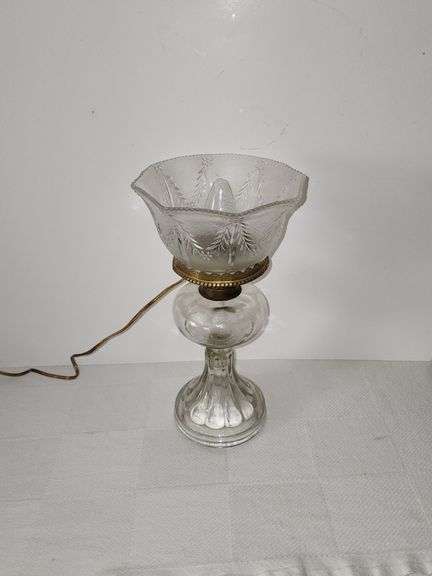 Clear glass oil lamp with electric
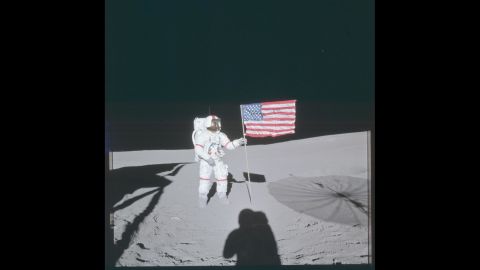 Apollo 14 commander Alan Shepard poses next to the American flag while walking on the moon's surface in February 1971.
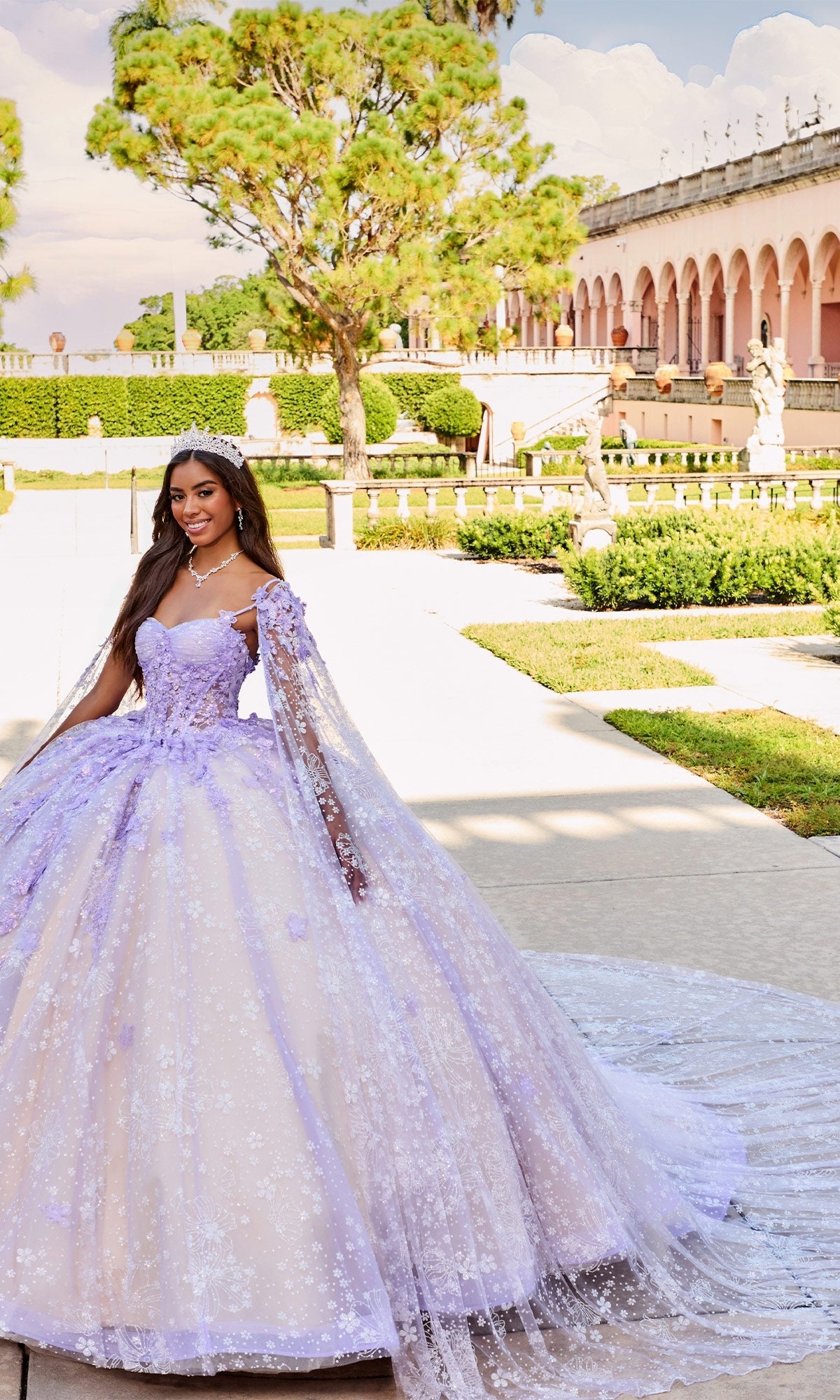 A young woman stands outdoors in a formal garden near an arched, statue-adorned building, wearing the shimmering Quinceanera Dress PR30158 By Princesa—a lavender gown with a lace cape and delicate embroidered details.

====

* PROMPT: Without the pictures, repeat the listing exactly as it reads.

* EXPECTED OUTPUT:
 Clear glass oil lamp with electric
 Apollo 14 commander Alan Shepard poses next to the American flag while walking on the moon's surface in February 1971.
 A young woman stands outdoors in a formal garden near an arched, statue-adorned building, wearing the shimmering Quinceanera Dress PR30158 By Princesa—a lavender gown with a lace cape and delicate embroidered details.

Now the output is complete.